I tried it. Messed up the config. Broke Octoprint. Fixed the config. Backed it up. Tested if the setting shows up after modification. It does not. It requires a reboot.

Also, what is that when I modify the config file it says that there is a new version available? Is it checking the last modified time of the config? If so is there a flag so I can disable this? I just want it to go offline and then come back online without the user needing to refresh (preferably). My current strategy for my firmware is to:

  • create a virtual serial link with socat
  • update config.yaml with one of the pairs of ports (e.g. /dev/pts/2)
  • start octoprint as a process not a daemon

This way I can optionally monitor what octoprint is doing by parsing it's outputs.


#4

When you say "parsing its outputs" do you mean the contents of the ~/.octoprint/logs/octoprint.log? Because this is what usually goes to STDOUT/STDERR anyway. Or do you mean the integer return code when it's exiting?
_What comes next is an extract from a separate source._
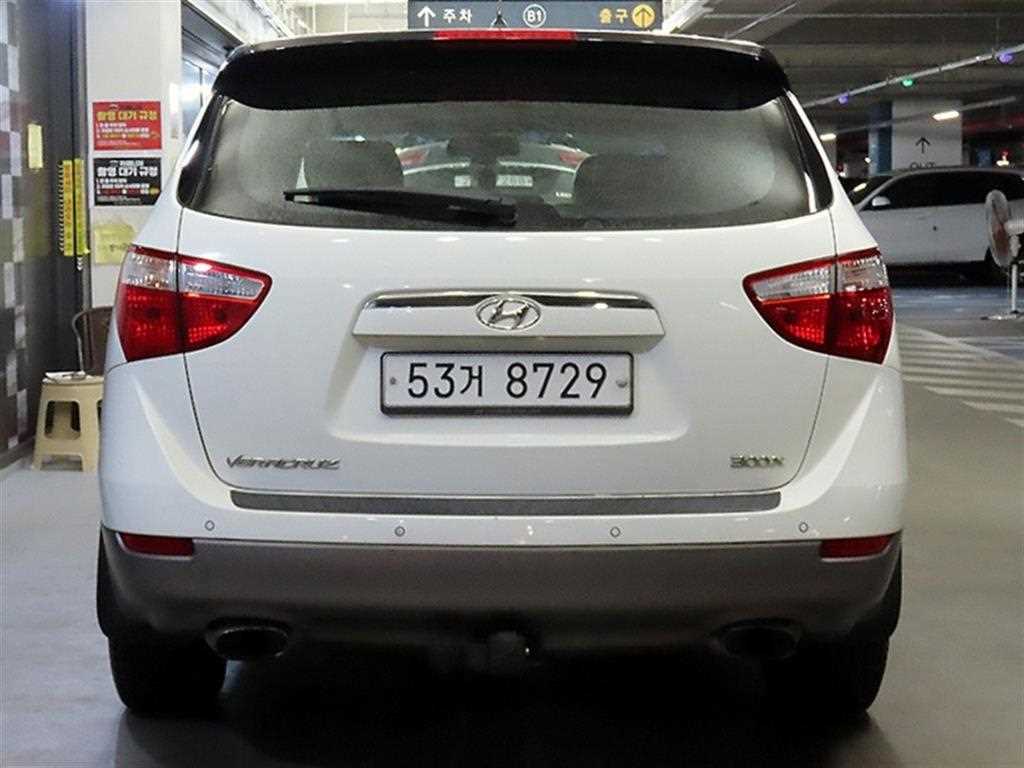 HYUNDAI Veracruz - Vista 5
Hmm... I don't see a Logging mixin available (which would have allowed you to hook into anything that gets logged). I don't see a hook. I don't see an event. Any of those would have been useful here. There is something here though that looks like it might be a mixin: AsyncLogHandlerMixin(). Maybe there's a way of adding an attribute to your plugin's class to identify that you want to voyeur all logging events.


#5

Oh context needed. My firmware is a process running on the same OS as OctoPrint. So yes, I'l be parsing the output from STDOUT/STDERR.


#6

Every day of my life I sit here and watch the output from octoprint serve and read that output in realtime for each iteration of my code. If you're spawning octoprint from a bash script or from C or from Python I'm sure there's a way of tee'ing or otherwise just parsing both outputs. It all depends upon which one you run it from. Or you could just tail -f the log as another thread, to be honest.
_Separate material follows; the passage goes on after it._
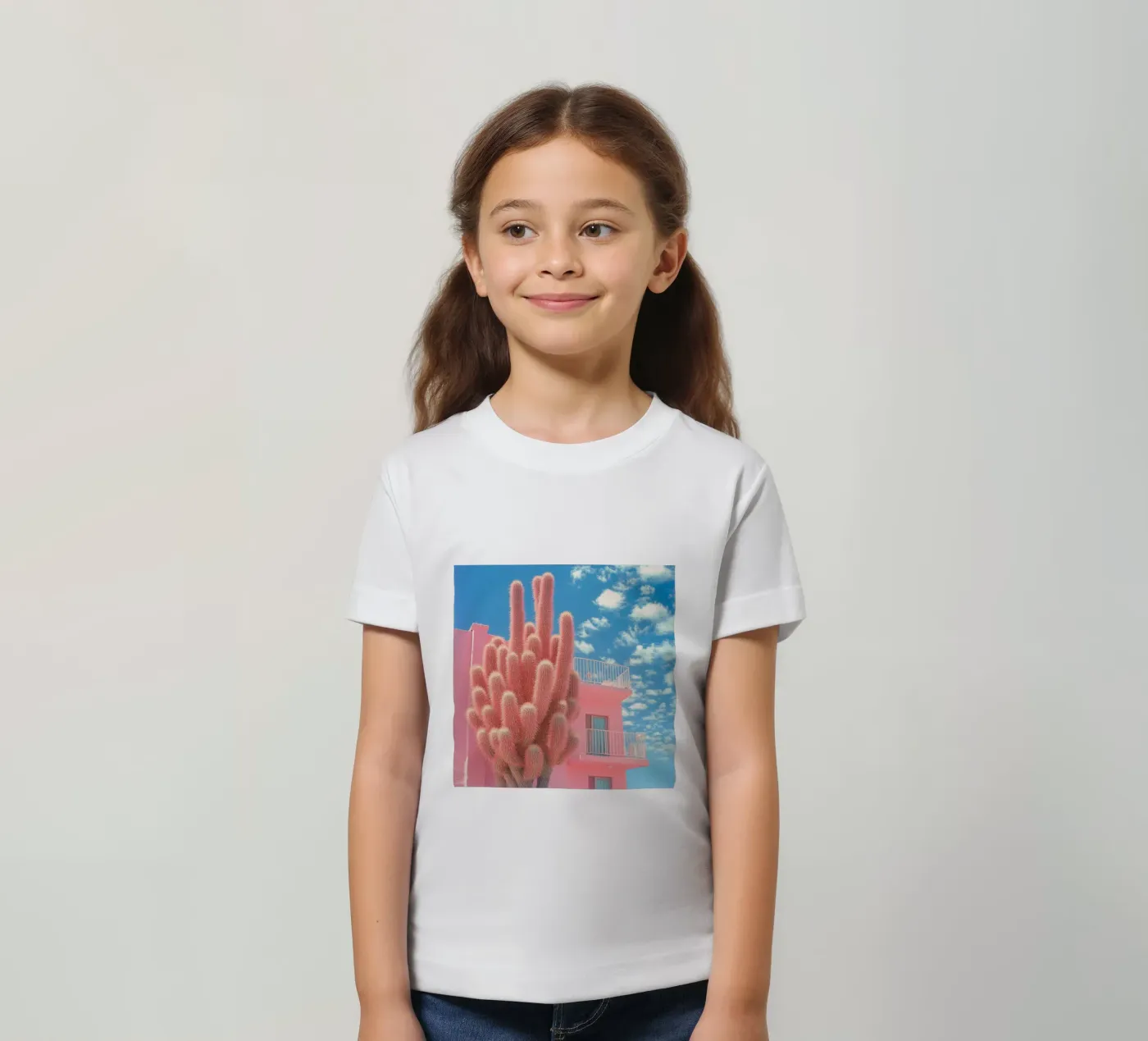 57 t-shirt bambini da Pink California | Affiches & Posters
I assume you know about /etc/init.d/octoprint on a standard OctoPi-imaged install which directly responds to commands like sudo service octoprint verb.


#7

Really @OutsourcedGuru, everyday!

My setup won't have /etc/init.d/octoprint on it. From what i've read:

public static string Bash(this string cmd)
        {
            var escapedArgs = cmd.Replace("\"", "\\\"");
            
            var process = new Process()
            {
                StartInfo = new ProcessStartInfo
                {
                    FileName = "/bin/bash",
                    Arguments = $"-c \"{escapedArgs}\"",
                    RedirectStandardOutput = true,
                    UseShellExecute = false,
                    CreateNoWindow = true,
                }
            };
            process.Start();
            string result = process.StandardOutput.ReadToEnd();
            process.WaitForExit();
            return result;
        }

will allow me to just read the output of octoprint serve. Except I'll be using read lines on the process.StandardOutput instead of trying to read to the end (I hope).


#8

Don't forget STDERR which seems to be heavily used in the softwareupdate functionality.
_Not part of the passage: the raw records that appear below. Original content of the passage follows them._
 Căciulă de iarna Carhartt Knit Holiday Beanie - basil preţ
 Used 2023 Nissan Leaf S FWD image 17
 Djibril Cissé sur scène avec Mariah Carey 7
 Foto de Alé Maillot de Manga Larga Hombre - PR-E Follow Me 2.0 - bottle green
This is looking a bit like Microsoft C#. If it is, be careful with slashes/backslashes in paths. Or is it mono?

RedirectStandardOutput = true;
RedirectStandardError = true;
...
string resultOut = process.StandardOutput.ReadToEnd();
string resultErr = process.StandardError.ReadToEnd();

#9

It's dot net core 2.2.1 c# running on BBB's Debian.


#10

Whoa. Never would have guess that.


#11

Well, it turns out that socat can alias the virtual ports so I don't have to do anything to OctoPrint on a per startup basis. Configure once and run away. So I did it. I'm sending Octoprint crazy data from a process on the OS.